La seconda sezione – dal dominio degli Sforza alla metà del Cinquecento – presenta una sceltissima selezione di pitture su tavola – tra le quali svetta il polittico della Madonna in trono -; “L’ancona della Vergine”, uno dei più singolari incunaboli lombardi della pittura su tela, e il ricostituito polittico di terracotta di S. Pietro Martire. Una speciale attenzione è stata riservata alla grande vetrata del rosone di facciata, realizzato alla fine del Quattrocento e sostituito nel XIX, oggi ricomposto nel museo al centro di una parete di ben 12 metri di altezza.
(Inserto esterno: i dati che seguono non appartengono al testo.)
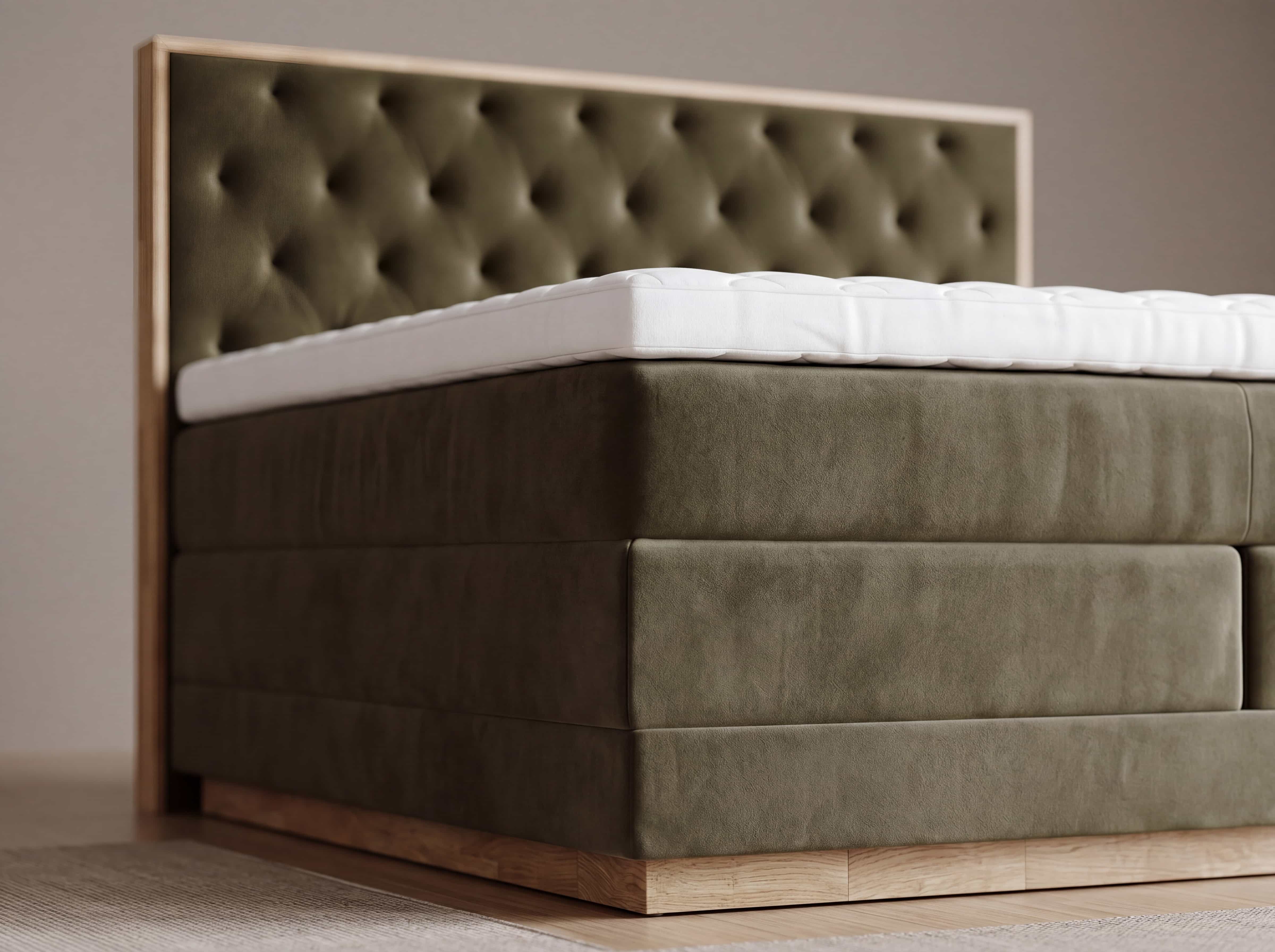 Boxspringbett Eton mit olivgrünem Stoffbezug, gepolstertem Kopfteil und Kassettensteppung, Holzrahmen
Tra le testimonianze più straordinarie di questo periodo, anche in termini quantitativi, sono probabilmente le ricche serie di arazzi: i due grandi capolavori da cartoni di Arcimboldi con le storie di San Giovanni e i Millefleurs fiamminghi recentemente restaurati dall’Opificio delle Pietre Dure di Firenze.
La terza sezione è dedicata all’età dei Borromei, dei Durini e degli Asburgo c quindi al fiorire della grande decorazione barocca e tardobarocca. Accanto ai bozzetti del Legnanino e del Borroni è così ordinata una selezionata ed esemplificativa quadreria, mentre in bacheche sono disposti gli oggetti liturgici più significativi.
La quarta e conclusiva sezione è aperta dai bozzetti in gesso realizzati da Angelo Pizzi su disegno di Andrea Appiani per il ciborio neoclassico dell’altare maggiore, realizzato tra lo scadere della dominazione asburgica e la prima età francese quando il Tesoro prende la via di Parigi (i codici verranno tutti rilegati in marocchino rosso con le insegne di Napoleone) e la Corona Ferrea torna simbolo delle antiche incoronazioni imperiali, prima con Napoleone e poi con Ferdinando I d’Asburgo.
A sottolineare il legame con il presente, ampio spazio è stato dato sia all’arte contemporanea che alla recenti donazioni, a partire dal riordino degli avori medievali della collezione Durini-Trotti o all’esposizione della Crocifissione lignea concessa dai Fossati. Tra le opere di artisti contemporanei esposti nel nuovo Museo, la Crocifissione di Lucio Fontana, il Cristo Risorto di Luciano Minguzzi e i cartoni di Sandro Chia per le vetrate dedicate a Sant’Ambrogio e a San Carlo Borromeo, vetrate che saranno collocate in Duomo in occasione dell’apertura del nuovo Museo.